Exercise requirements: The following data needs to be repeated exactly, with all images excluded.

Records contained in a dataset
════

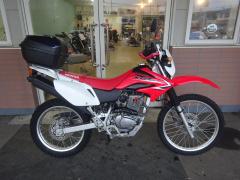Honda XR230 2009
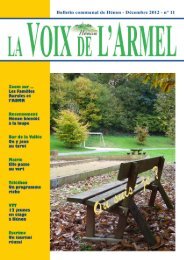 decembre 2012.pdf - Mairie de Henon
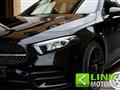 MERCEDES CLASSE A PLUG-IN HYBRID e Automatic EQ-Power Premium Plus Night Edition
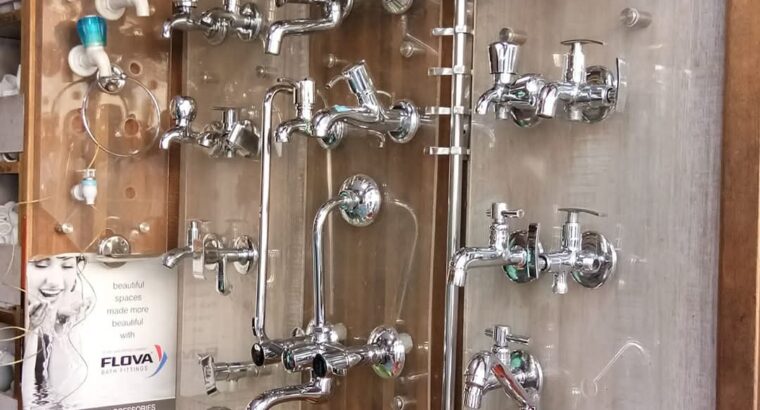 RAJARAM PIPE FITTING CENTRE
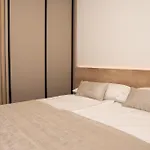 Apartment Arba Fortuna Exclusive With Private Parking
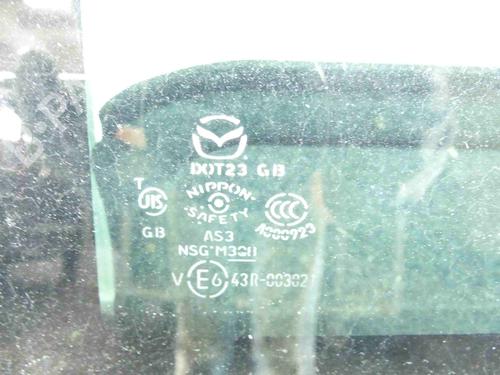 Andre MAZDA CX-9 (TB) 3.7 AWD (TB10A) | BP37895884O1 - Image 2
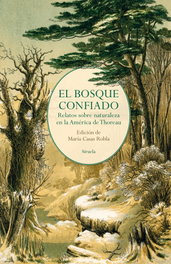 El bosque confiado, Edgar Allan Poe - SIRUELA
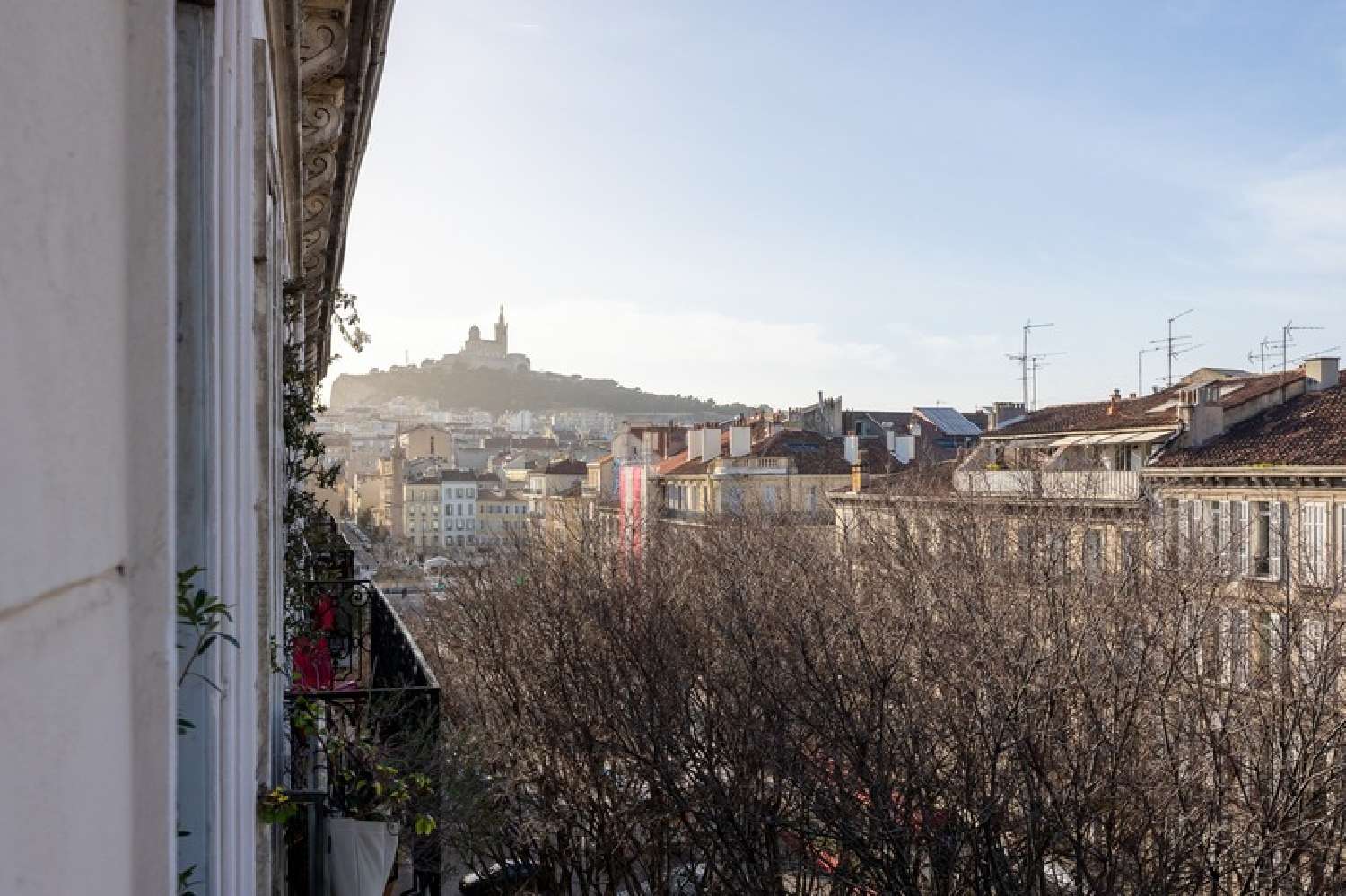  for sale apartment Marseille 6e Arrondissement Bouches-du-Rhône 5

════

Your response:
Honda XR230 2009
 decembre 2012.pdf - Mairie de Henon
 MERCEDES CLASSE A PLUG-IN HYBRID e Automatic EQ-Power Premium Plus Night Edition
 RAJARAM PIPE FITTING CENTRE
 Apartment Arba Fortuna Exclusive With Private Parking
 Andre MAZDA CX-9 (TB) 3.7 AWD (TB10A) | BP37895884O1 - Image 2
 El bosque confiado, Edgar Allan Poe - SIRUELA
  for sale apartment Marseille 6e Arrondissement Bouches-du-Rhône 5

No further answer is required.